*TASK DETAILS:* Extract the records in full, leaving every picture out.

*INPUT DATA:*
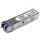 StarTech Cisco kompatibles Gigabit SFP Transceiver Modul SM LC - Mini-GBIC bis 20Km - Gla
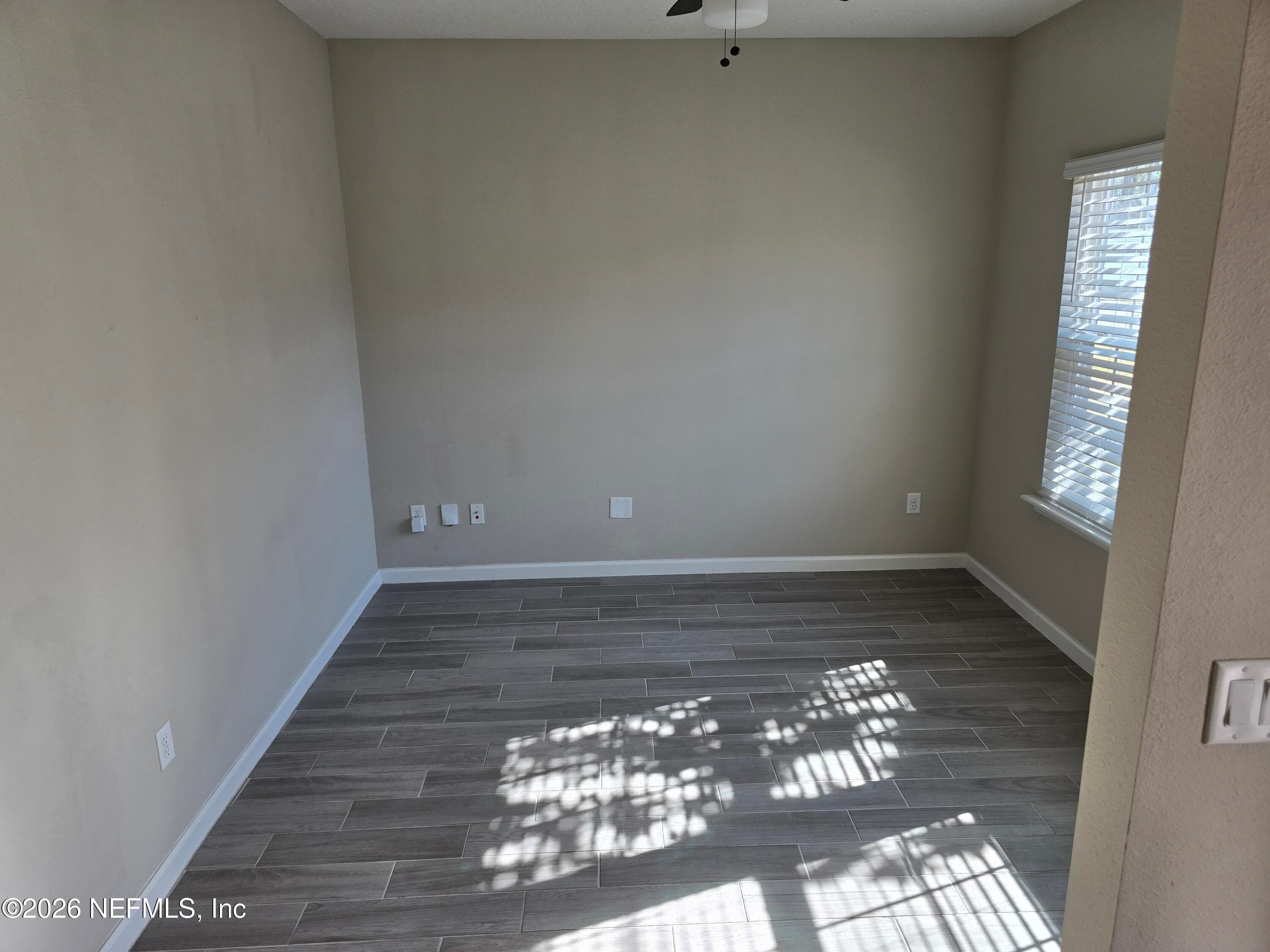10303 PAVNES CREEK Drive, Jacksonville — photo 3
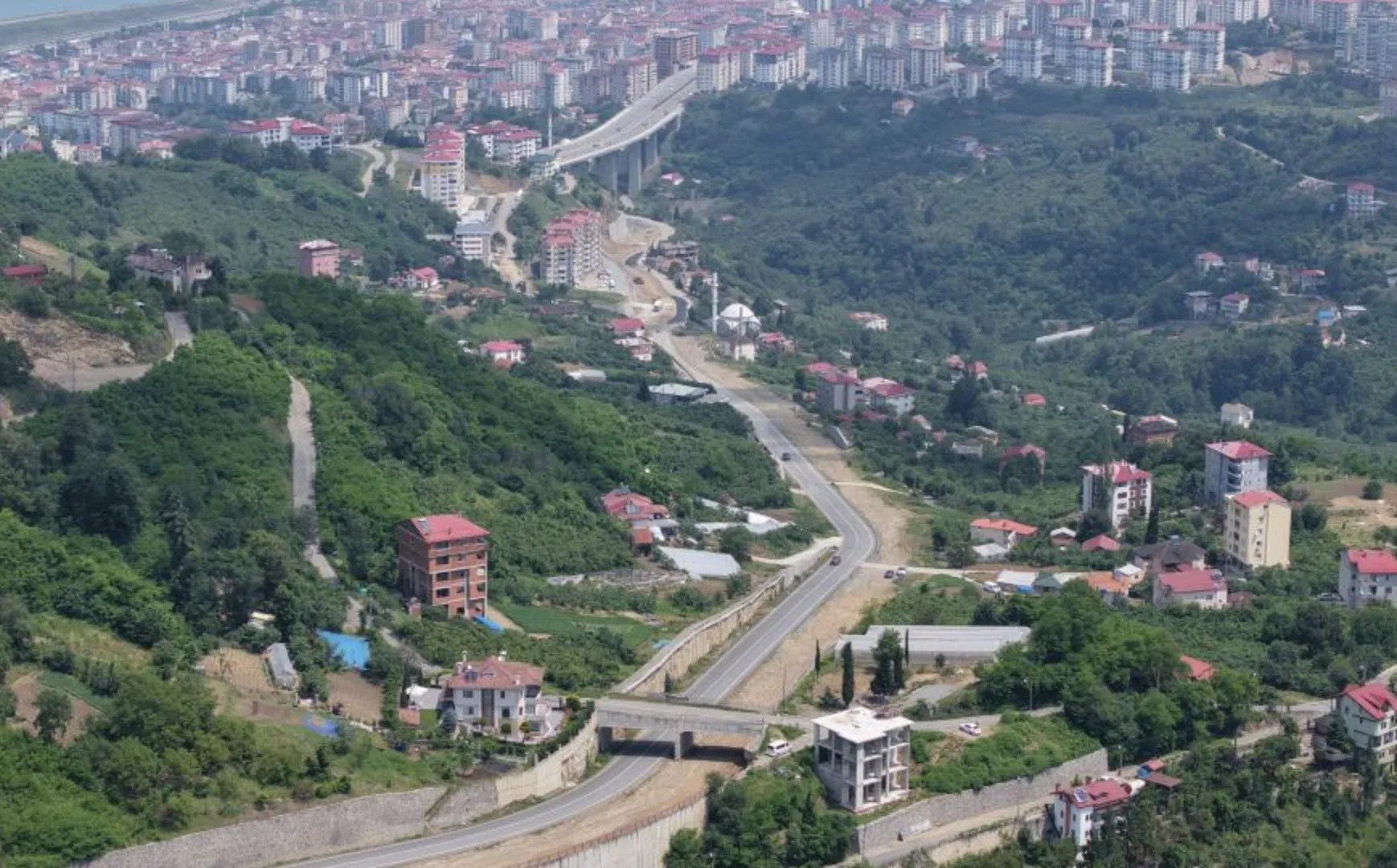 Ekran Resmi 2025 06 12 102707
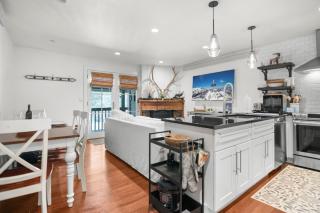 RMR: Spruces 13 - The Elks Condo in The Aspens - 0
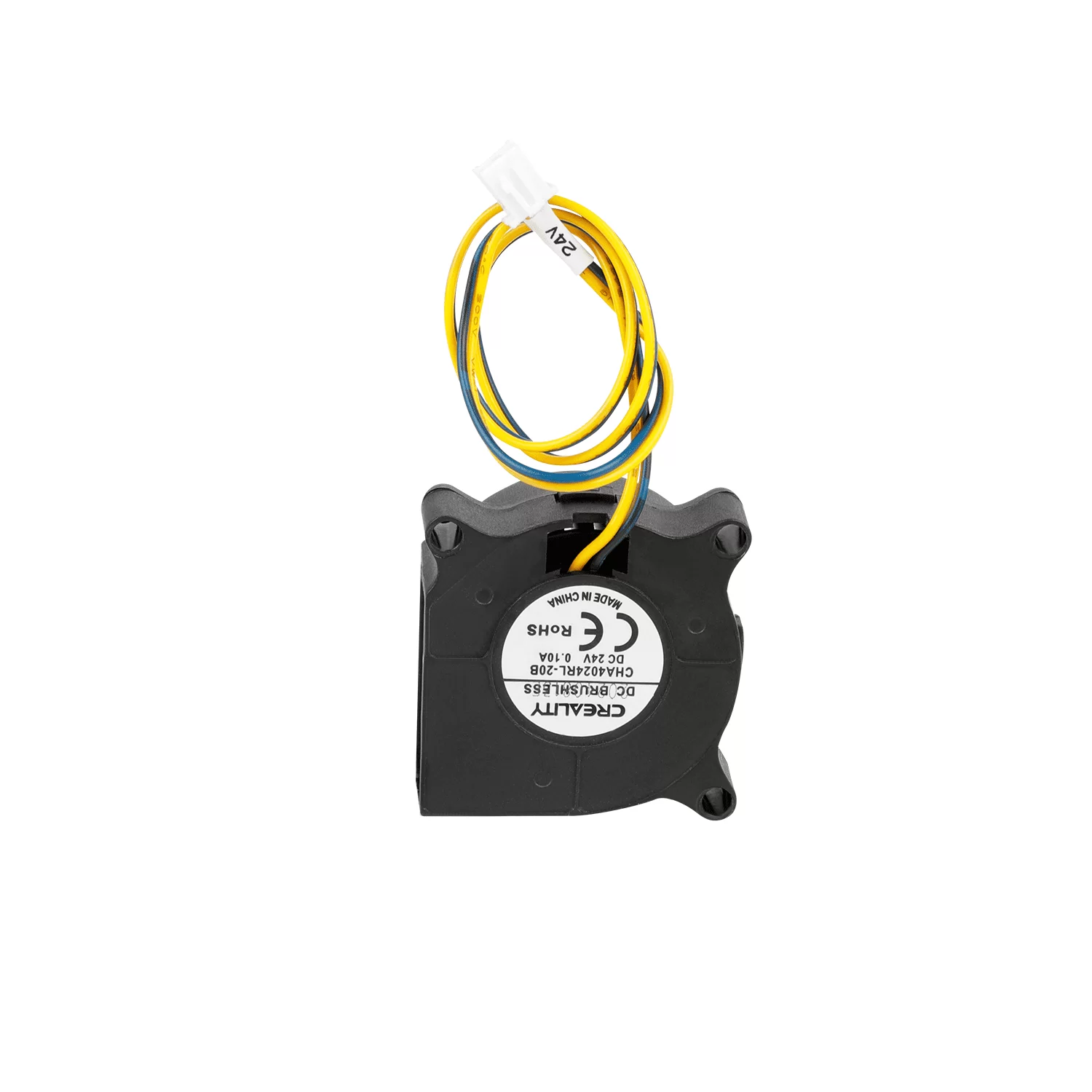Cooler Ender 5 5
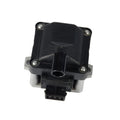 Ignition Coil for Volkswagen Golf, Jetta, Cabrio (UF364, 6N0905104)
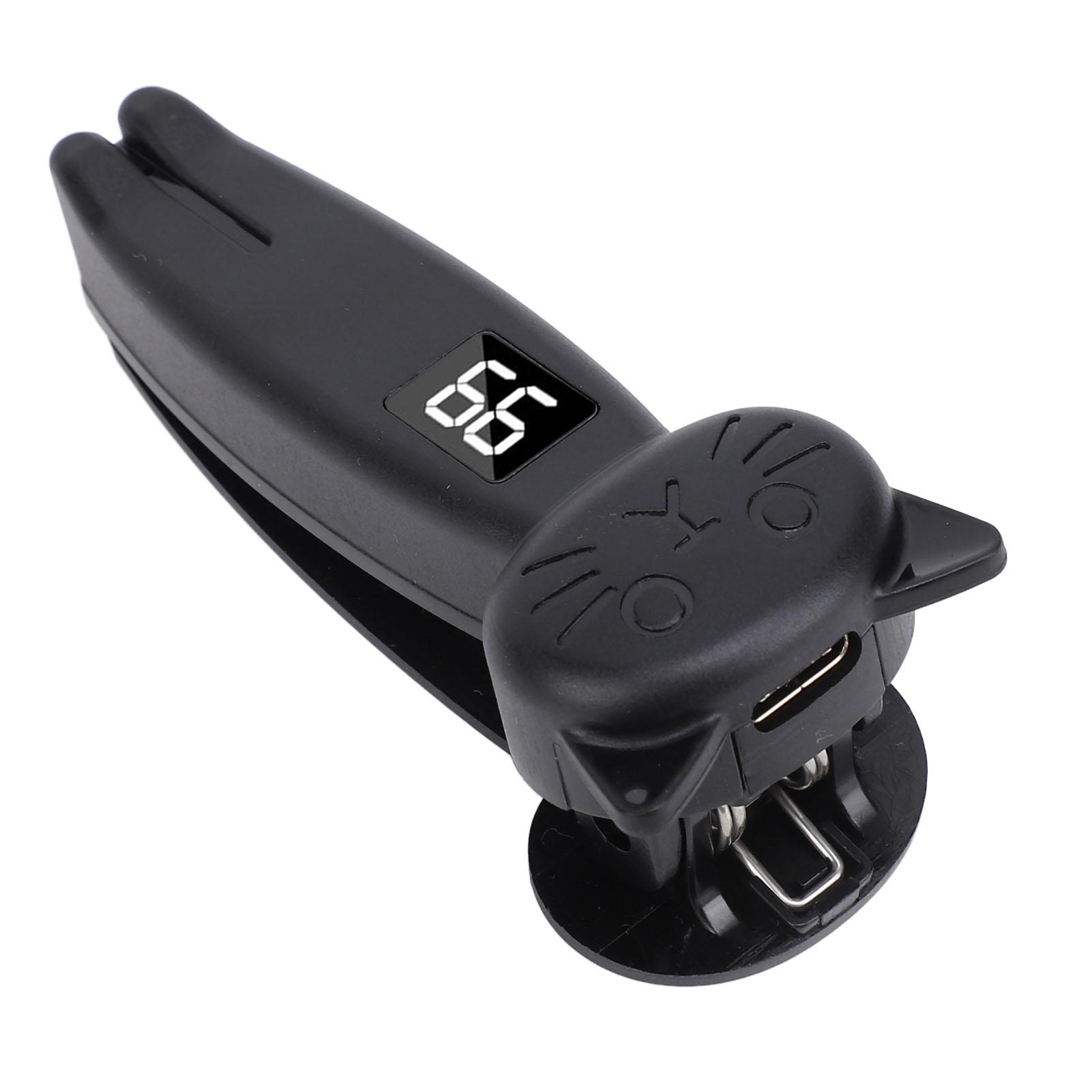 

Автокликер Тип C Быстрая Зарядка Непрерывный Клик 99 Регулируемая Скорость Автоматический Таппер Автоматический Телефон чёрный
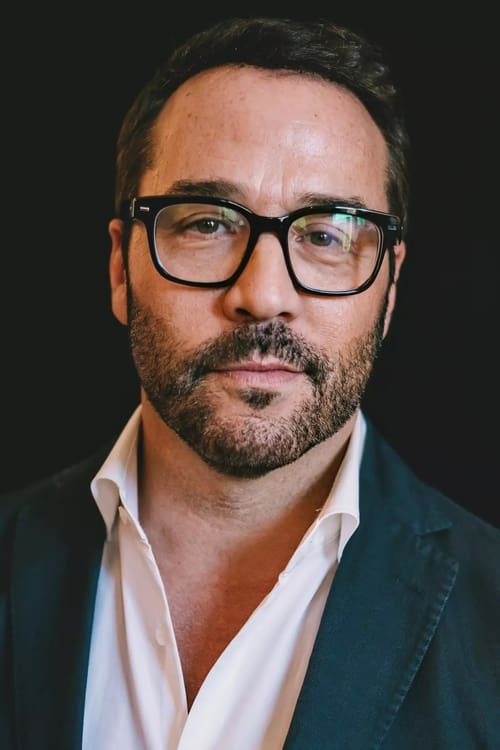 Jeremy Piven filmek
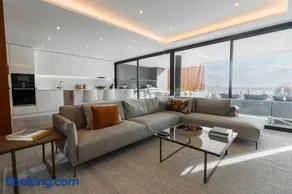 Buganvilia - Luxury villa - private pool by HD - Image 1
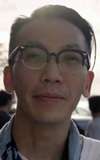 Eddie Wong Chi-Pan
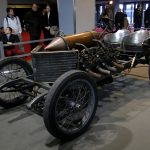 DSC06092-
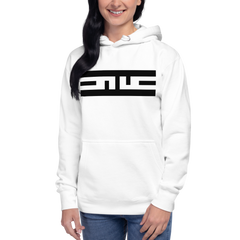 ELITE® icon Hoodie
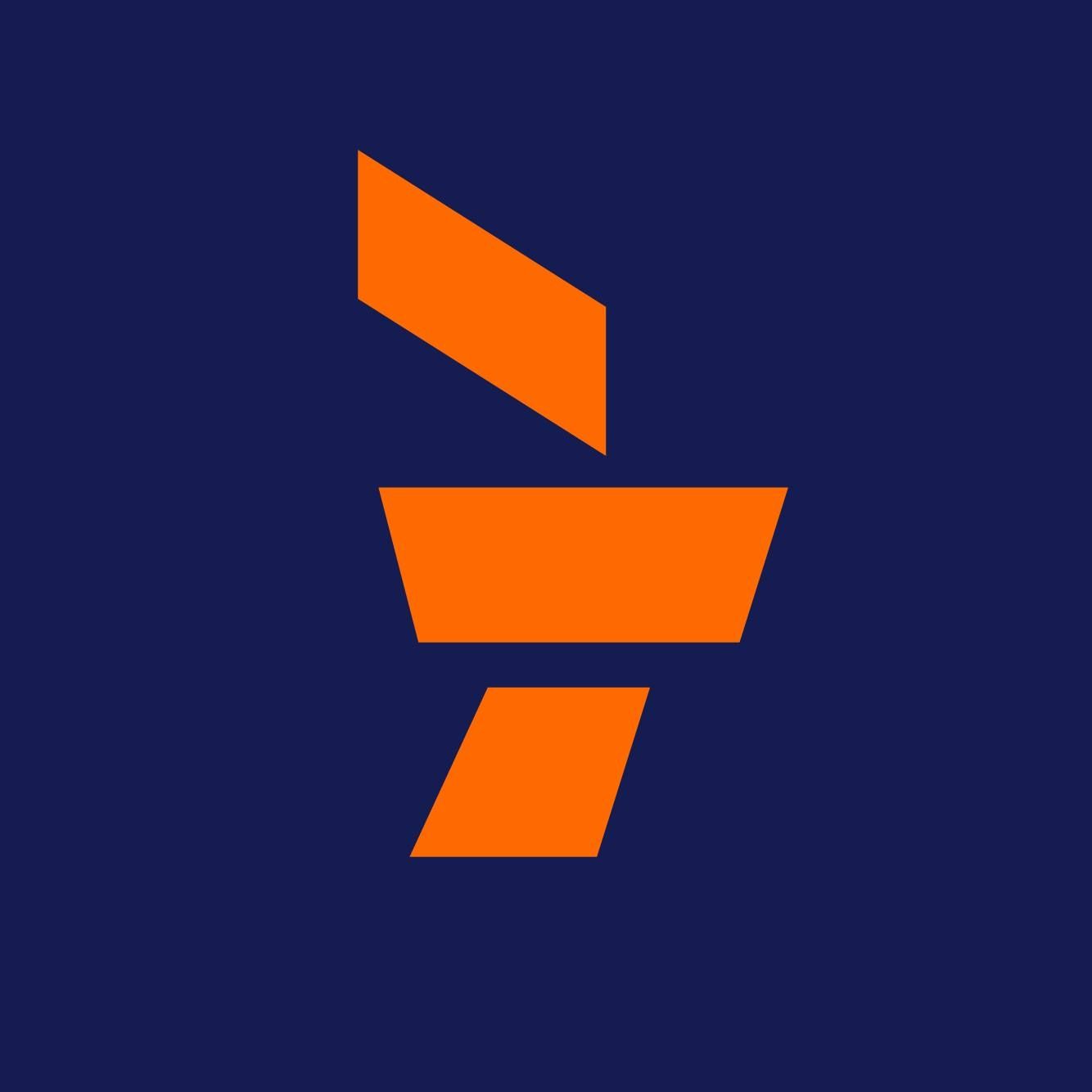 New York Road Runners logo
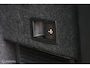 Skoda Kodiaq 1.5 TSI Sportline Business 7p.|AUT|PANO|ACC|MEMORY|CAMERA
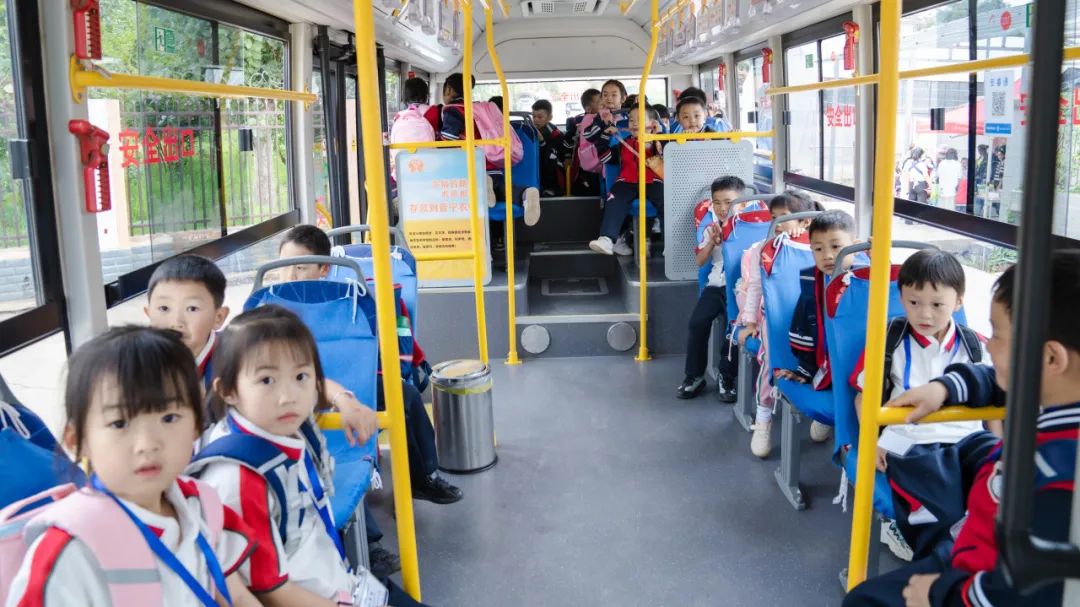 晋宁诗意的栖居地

*EXERCISE RESULT:*
 StarTech Cisco kompatibles Gigabit SFP Transceiver Modul SM LC - Mini-GBIC bis 20Km - Gla
10303 PAVNES CREEK Drive, Jacksonville — photo 3
 Ekran Resmi 2025 06 12 102707
 RMR: Spruces 13 - The Elks Condo in The Aspens - 0
Cooler Ender 5 5
 Ignition Coil for Volkswagen Golf, Jetta, Cabrio (UF364, 6N0905104)

Автокликер Тип C Быстрая Зарядка Непрерывный Клик 99 Регулируемая Скорость Автоматический Таппер Автоматический Телефон чёрный
 Jeremy Piven filmek
 Buganvilia - Luxury villa - private pool by HD - Image 1
 Eddie Wong Chi-Pan
 DSC06092-
 ELITE® icon Hoodie
 New York Road Runners logo
 Skoda Kodiaq 1.5 TSI Sportline Business 7p.|AUT|PANO|ACC|MEMORY|CAMERA
 晋宁诗意的栖居地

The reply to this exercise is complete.